G.R. No. 179080, November 26, 2014 - EDIGARDO GEROCHE, ROBERTO GARDE AND GENEROSO MARFIL ALIAS “TAPOL”, Petitioners, v. PEOPLE OF THE PHILIPPINES, Respondent.

PHILIPPINE SUPREME COURT DECISIONS

THIRD DIVISION

G.R. No. 179080, November 26, 2014

EDIGARDO GEROCHE, ROBERTO GARDE AND GENEROSO MARFIL ALIAS “TAPOL”, Petitioners, v. PEOPLE OF THE PHILIPPINES, Respondent.

D E C I S I O N

PERALTA, J.:

This is an appeal from the Decision1 dated November 18, 2005 and Resolution2 dated June 19, 2007 of the Court of Appeals (CA) in G.R. CR No. 26418, which set aside the November 15, 2001 Decision3 of the Regional Trial Court (RTC), Branch 17, Kidapawan City, Cotabato.

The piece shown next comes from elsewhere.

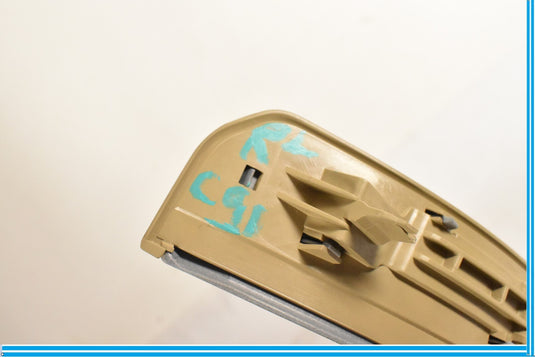 07-13 MERCEDES W221 S-CLASS REAR LEFT DOOR SCUFF SILL PLATE TRIM 2216801735 OEM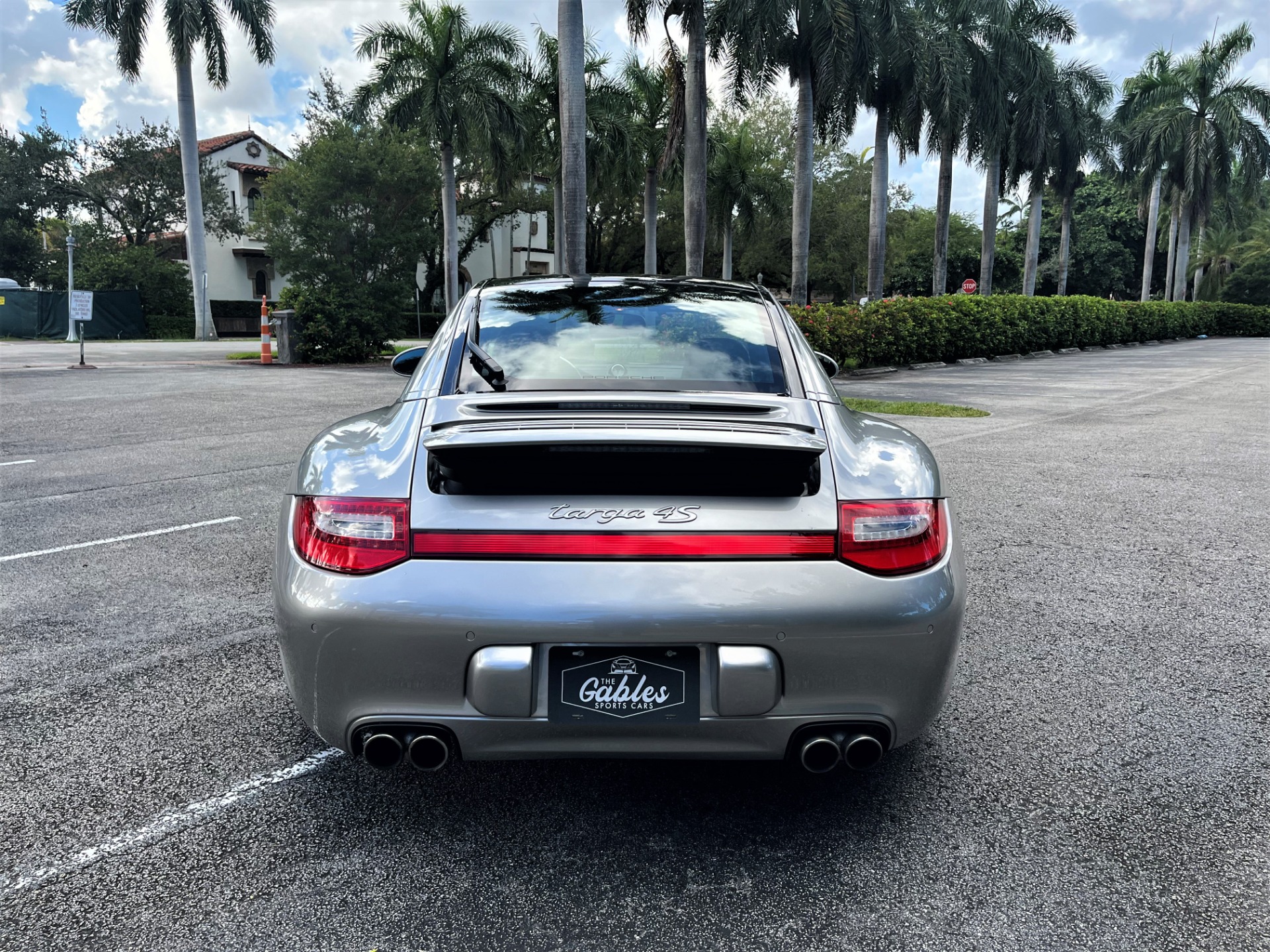 Used 2011 Porsche 911 Targa 4S for sale $88,850 at The Gables Sports Cars in Miami FL 33146 2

Petitioners Edigardo Geroche, Roberto Garde and Generoso Marfil alias “Tapol” were charged with the crime of Violation of Domicile under Article 128 of the Revised Penal Code (RPC).4 The Information dated May 3, 1990 reads:
The undersigned accuses EDIGARDO GEROCHE, ROBERTO GARDE AND GENEROSO MARFIL Alias “TAPOL” of the crime of Violation of Domicile, committed as follows:
That at about 10:00 o’clock in the evening of May 14, 1989, at Sitio New Lantawan, Barangay Greenhills, Municipality of President Roxas, Province of Cotabato, Philippines, the above-named accused EDIGARDO GEROCHE, being a Barangay Captain and the rest being CAFGUs, hence, persons in authority, conspiring, confederating and mutually helping one another, armed with garand rifles, did then and there, wilfully, unlawfully and feloniously, without proper judicial order, entered the house of ROBERTO MALLO by forcibly breaking the door of said house against the will of the occupants thereof, search the effects of the house without the previous consent of the owner and then mauled one of the occupant BARILIANO LIMBAG inflicting injuries to the latter.

CONTRARY TO LAW.5
During the arraignment on November 5, 1990, all the petitioners pleaded not guilty.6 Thereafter, trial ensued.

Baleriano Limbag (Baleriano) testified that the crime happened around 10:00 o’clock in the evening of May 14, 1989 inside the house which he already bought from Roberto Mallo. He roused from sleep when petitioners, who were not armed with search warrant, suddenly entered the house by destroying the main door. The petitioners mauled him, striking with a garand rifle, which caused his injuries. They looked for firearms but instead found and took away his airgun.

Roberto Limbag, Baleriano’s nephew who was living with him, witnessed the whole incident and corroborated his testimony.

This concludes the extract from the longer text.